For your direct booking website, cancellation works the same way but Vanio handles the refund through Stripe Connect (full or partial refund based on your set policy).
Common scenarios
"A guest with a 4.2 rating sent an RTB and I'm worried about parties." Open the request → Decline → Reason: Not comfortable → Message: "Thanks for your interest. I'm only able to host guests with a 4.7+ rating for these dates. Wishing you a great trip." Don't make excuses you don't believe; the guest can tell.
"They want to bring 8 people, my listing is for 6." Decline → Reason: Unsuitable for listing → Message: "Thanks for the request — unfortunately the property is set up to comfortably host a maximum of 6 guests. I'd recommend looking for a larger place for your group." Don't accept and figure it out later.
"They're asking for dates I already had blocked but Vanio shows them as available somehow." Don't decline yet — first check the calendar (Calendar → click those dates) and see why they're showing available. Could be a sync glitch from when you blocked them. Fix the block, then decline with Reason: Dates unavailable.

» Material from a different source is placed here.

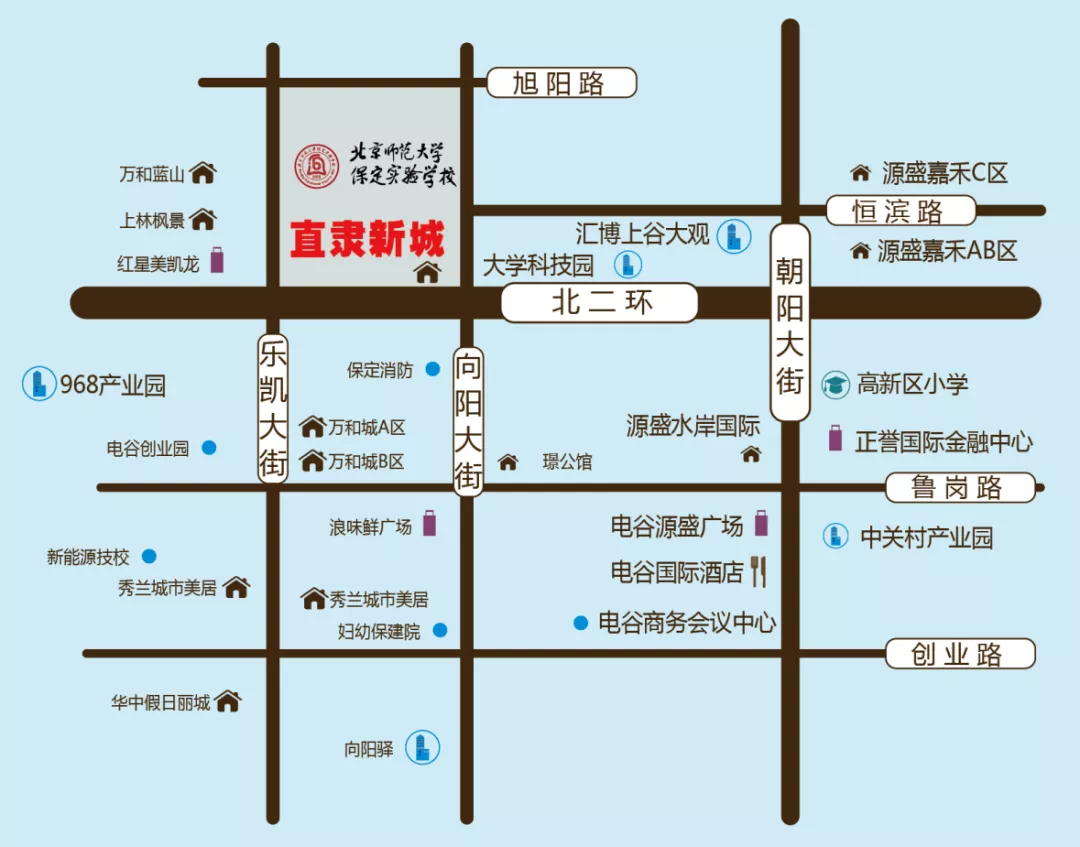 嘉禾·直隶新城丨新时代的懒人生活从这里开始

"They want to cancel a reservation they already paid for." That's a guest cancellation, not a host action. They cancel from Airbnb's side. Once they do, Vanio gets the cancellation event and updates the reservation status automatically. You don't need to do anything.
"I accepted yesterday and now I realize I can't host that week." Open the reservation → Cancel → Reason: Unable to host → write the message. Be aware Airbnb may charge a host cancellation fee depending on how close to check-in you are.
Why you decline matters
The reason you pick matters for two reasons:
- Airbnb uses it for ranking and warnings. Picking "Not comfortable" triggers different downstream behavior than "Dates unavailable." Don't pick "Dates unavailable" if the dates ARE available — that's flagged as misleading.
- It's logged in your audit trail. Vanio records every decline with reason, timestamp, who clicked, and the message sent. Useful when reviewing patterns later or training new team members.